Updated guidance for superfunds from the Pensions Regulator (TPR) has been welcomed by UK consultants, who claim it will open the door to more superfund activity.

As part of its commitment to review the guidance within three years, TPR yesterday published four amendments to its superfund guidance.

According to Richard Gibson, partner at Barnett Waddingham, the updated guidance is “undoubtedly a positive step forward”.

He pointed out that “it has been clear for some time” that the “inflexible and opaque” interim regulatory regime, published in 2020, has been a barrier to meeting the government’s policy objective of supporting an active market in commercial consolidation for defined benefit (DB) pension schemes. 

Gibson believes the changes made to the minimum funding requirements should allow superfunds to offer the “right balance between attractive pricing and security for members’ benefits”.

He continued: “The relaxations to the timescales in which transactions are assessed should also make it easier for deals to complete, without the risk of falling through at the last minute due to changes in market conditions.”

Meanwhile, Gordon Watchorn, partner at LCP and head of corporate consulting said that a combination of relaxed entry requirements and more competitive pricing “opens the door to more superfund activity”.

He said: “Pension schemes can now start to forge ahead knowing they have the information needed to make informed decisions about the options for their scheme and with the comfort that the Regulator is doing all it can to allow the market to develop and thrive. Sponsors need to revisit their pension strategy to ensure the next phase of the journey is optimal based on all options available.”

He added that sponsors and trustees should now have comfort in the viability of these consolidator options and existing consolidators in the market may see interest turn into completed transactions.

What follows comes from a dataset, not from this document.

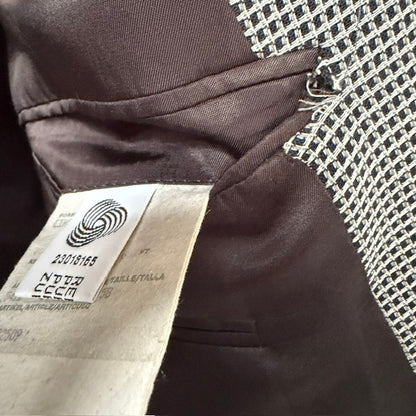 HUGO BOSS / wool blazer / 58 (3xl) (3923127246676796360)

Watchorn also believes that the updated guidance could pave the way for a number of new providers to make their entrance into the market, which he said “would be great for schemes considering this option”.

Too little too late

However, Stewart Hastie, partner at Isio, pointed out that while the update on how trustees should look at superfund transfers will help, it is “too little too late” given how funding levels have “leapt ahead and there remains only one superfund in town”.

He said: “Over five years on from when commercial vehicles first launched, we still await the elusive first superfund transaction and it is difficult to see the floodgates now being open. We predict more of a very small trickle. If there are lessons to be learned, it is perhaps more about the pace at which the regulation of new ideas and solutions operate.”

Gibson added that the “obvious gap” in TPR’s guidance is an updated stance on allowing superfunds to extract profits prior to securing members’ benefits with an insurer.

He said: “It is good to see that TPR intends to return to this topic in the future but, until they do, superfunds offering a ‘bridge to buyout’ solution will have a clear advantage over those not linked to the insurance market.

“TPR must be much clearer on this point if they hope to attract new entrants to the superfund market over the coming months,” he added.